Does bucks wethers kids (ooh the babies)

Just goats, no humans!

will credit you on the page...............


----------



## aggieterpkatie (Oct 10, 2011)

Buck:






Doe:





Doe and doe kid:





Buck Kid:





Day old buck/doe kids




9 mos old doe kid:




7 mos old buck kid:




9 week old doe kids:




Buck kid (12 weeks)




week old doe kids:




2 day old doe kids:




Buck Kid:


----------



## redtailgal (Oct 10, 2011)

THANK you!


----------



## 77Herford (Oct 11, 2011)

redtailgal said:
			
		

> THANK you!


Your special to get a thank you from Red...usually she gives you grief for not doing it sooner.


----------



## Roll farms (Oct 11, 2011)

Well here I thought I could finally contribute but noooo....Aggie had to have awesome ob pics. 

*sigh*  If for some goofy reason you need more, I've got some.


----------



## Roll farms (Oct 11, 2011)

PS....Obs can also come in black, but only the black does can be registered w/ ADGA.  
In case that doesn't come up in your reading.


----------



## aggieterpkatie (Oct 11, 2011)

Roll farms said:
			
		

> PS....Obs can also come in black, but only the black does can be registered w/ ADGA.
> In case that doesn't come up in your reading.


Post pics of yours! I'm sure you've got a couple (hundred) pics of them.


----------



## Ms. Research (Oct 11, 2011)

aggieterpkatie said:
			
		

> Roll farms said:
> 
> 
> 
> ...


X2 Roll.  Would love to see your Oberhasli.


----------



## elevan (Oct 11, 2011)

Absolutely Roll - post those pics!


----------



## daisychick (Oct 11, 2011)

Yes Rolls, you must at the very least post pics of your black one.   I checked out your website and she is beautiful.


----------



## redtailgal (Oct 11, 2011)

Yes rolls, post the pic.

maybe it will distract everyone while I clobber 77.


----------



## Roll farms (Oct 11, 2011)

Welllll, since y'all insist....but I do think Aggie's pics are grand.

Jinx - aka - Jinker the Stinker - I sold her to Josh (the Mandy / Hannah Josh) and he sold her 2 days later at quite a profit....:/






















Enigma, my buck...who I sold b/c DH wanted Toggs and we didn't have enough pens to keep all breeds seperated.
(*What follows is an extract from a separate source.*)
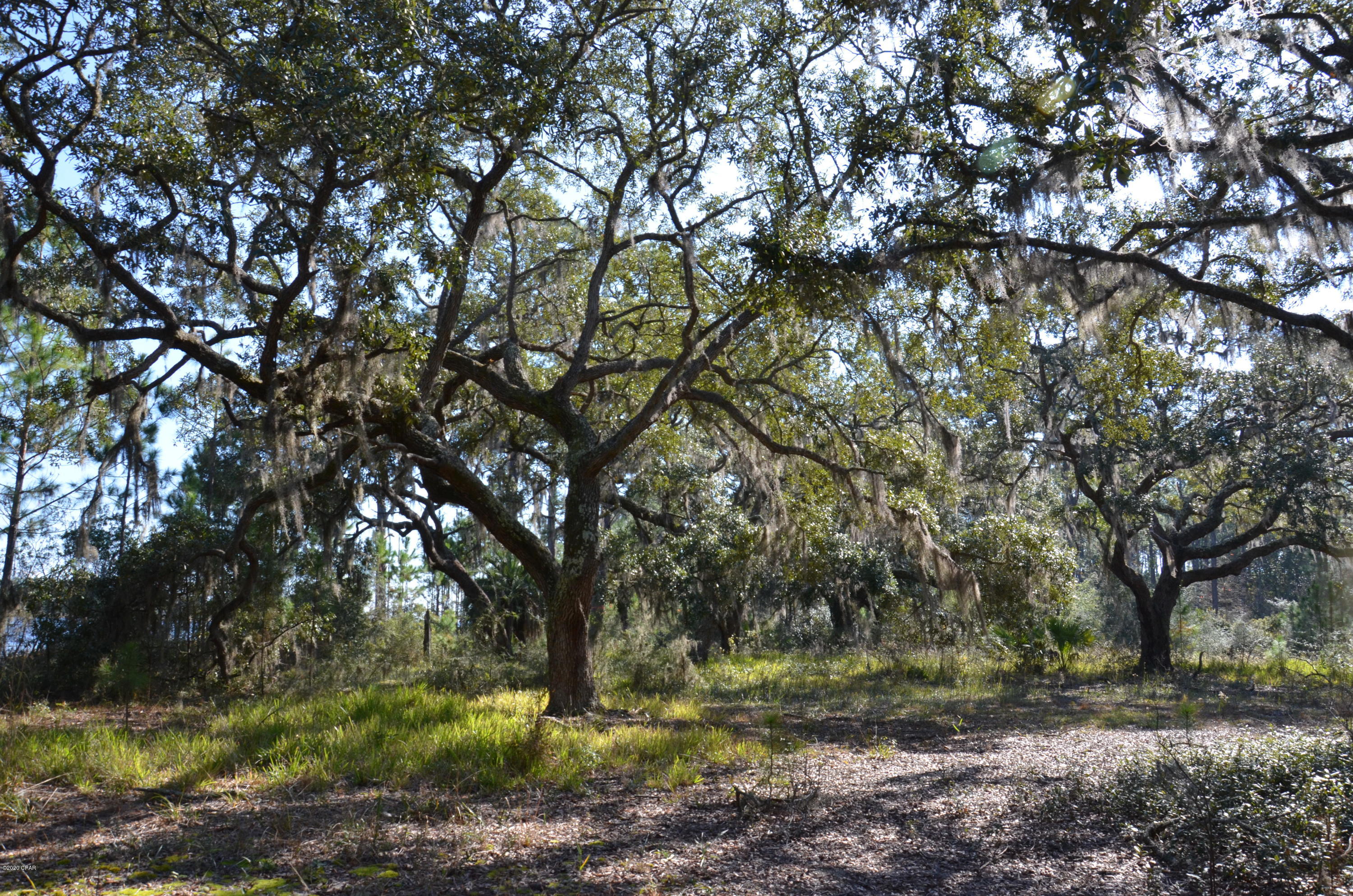 [No Recorded Subdiv] - Land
And Penny, the only one left, who I refuse to sell, ever.


----------



## redtailgal (Oct 11, 2011)

thanks rolls


----------



## aggieterpkatie (Oct 11, 2011)

OMG, love the packing tape on the diapers!!    And Enigma's hairdo is awesome!    You want another buck?  I know someone who has one available!


----------



## Roll farms (Oct 11, 2011)

Do you deliver...to IN?

B/c...I seriously thought about it.  But I hate traffic / highways / people in cars that get in my way.


----------



## elevan (Oct 11, 2011)

Roll farms said:
			
		

> Do you deliver...to IN?
> 
> B/c...I seriously thought about it.  But I hate traffic / highways / *people in cars that get in my way.*


----------



## redtailgal (Oct 11, 2011)

http://www.backyardherds.com/web/viewblog.php?id=2952-oberhasli-goat

Rolls and Aggie...........do you approve?


----------



## aggieterpkatie (Oct 11, 2011)

Looks good, but I wouldn't consider them vocal at all.    Mine are pretty quiet.  You may want to also add something in there about them being the best breed of goat out there.  
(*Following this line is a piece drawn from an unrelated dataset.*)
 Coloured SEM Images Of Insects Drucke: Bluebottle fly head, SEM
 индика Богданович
Rolls, I really wish you were closer because I'd give you a good deal on him....especially if I could use him to breed my doe.  I hate to sell him but I just don't have the space. 


Anyone going from the East Coast to IN any time soon?


----------



## aggieterpkatie (Oct 11, 2011)

Hmm...just looked at Mapquest.  It's only 11 hours!   I have driven to VT and back several times and it's also 11 hours.    I'd love a road trip, but I'm not sure if we can fit it in our schedules right now. Maybe I can bug DH about it.


----------



## Roll farms (Oct 11, 2011)

Oh no, not vocal.  Penny and Jinx never got above a polite 'meeeh' even when trying to have huge babies.  That's one of the things I adore about them.  Smart, funny, friendly, quiet, adorable, loving....Obs are just awesome.
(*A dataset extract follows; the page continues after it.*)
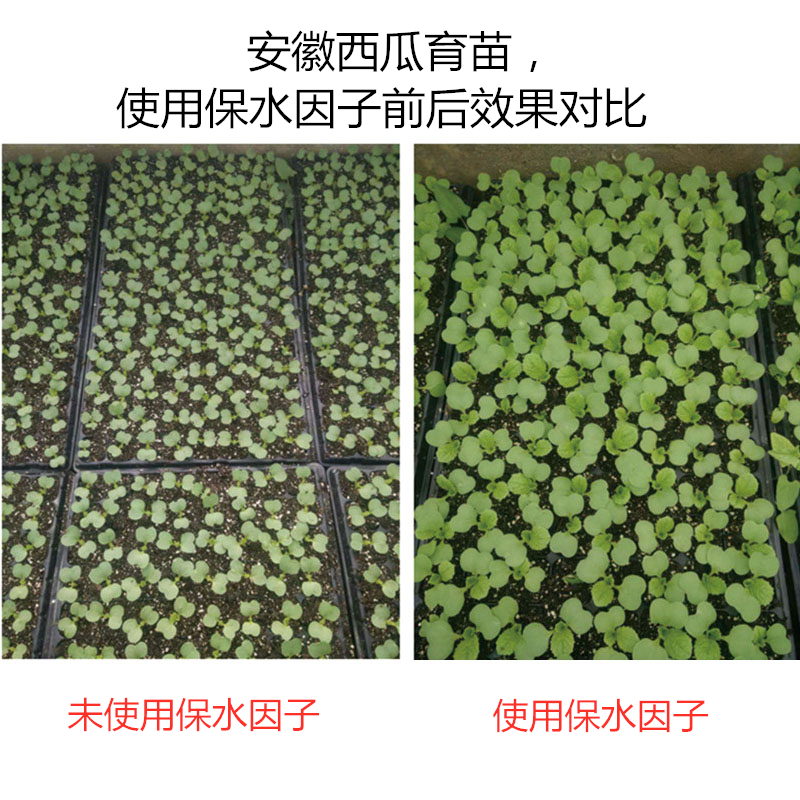 安徽西瓜育苗，使用保水因子前后效果對(duì)比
If they hadn't both had problems kidding, I'd have a herdful of Obs.  But they scared me w/ their big babies.


----------



## Roll farms (Oct 11, 2011)

RTG, I'm pretty sure this is a typo / autocorrect oopsie...

The ladies worked hard to publicize the breed, and urged the American Dairy Goat Association to register them in the herd book with the correct name, *Overhaul *instead of Swiss Alpine. Finally, in 1979, the ADGA relented and the *Overhaul* got their own herd books.


----------



## redtailgal (Oct 11, 2011)

no, I was just checkin to see if you actually read it............ 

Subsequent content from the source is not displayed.